* [Problem requirements]
Please return the lines below verbatim, beginning at the one that has "Pre-owned Ann Taylor" and stopping after the one that has "molecular formula C23H20N2O3", and add no other lines.

* [Task material]
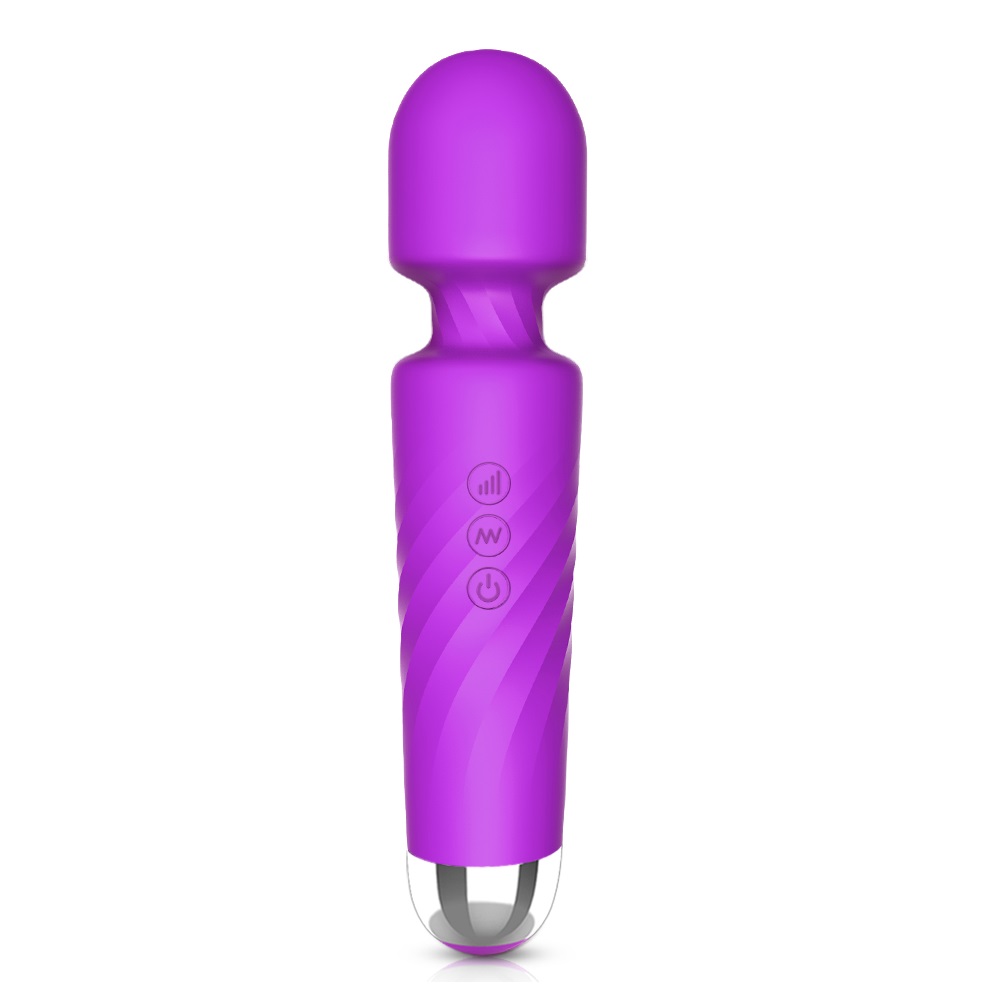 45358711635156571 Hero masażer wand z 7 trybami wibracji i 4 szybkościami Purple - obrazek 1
* * *
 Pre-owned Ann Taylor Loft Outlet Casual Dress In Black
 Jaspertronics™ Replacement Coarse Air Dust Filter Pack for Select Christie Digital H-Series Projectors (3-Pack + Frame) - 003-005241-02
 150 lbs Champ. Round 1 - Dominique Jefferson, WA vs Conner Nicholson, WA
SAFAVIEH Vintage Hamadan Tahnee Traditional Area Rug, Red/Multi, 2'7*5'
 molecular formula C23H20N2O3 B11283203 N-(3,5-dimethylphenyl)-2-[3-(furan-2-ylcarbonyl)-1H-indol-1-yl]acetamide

* [Problem solution]
 Pre-owned Ann Taylor Loft Outlet Casual Dress In Black
 Jaspertronics™ Replacement Coarse Air Dust Filter Pack for Select Christie Digital H-Series Projectors (3-Pack + Frame) - 003-005241-02
 150 lbs Champ. Round 1 - Dominique Jefferson, WA vs Conner Nicholson, WA
SAFAVIEH Vintage Hamadan Tahnee Traditional Area Rug, Red/Multi, 2'7*5'
 molecular formula C23H20N2O3 B11283203 N-(3,5-dimethylphenyl)-2-[3-(furan-2-ylcarbonyl)-1H-indol-1-yl]acetamide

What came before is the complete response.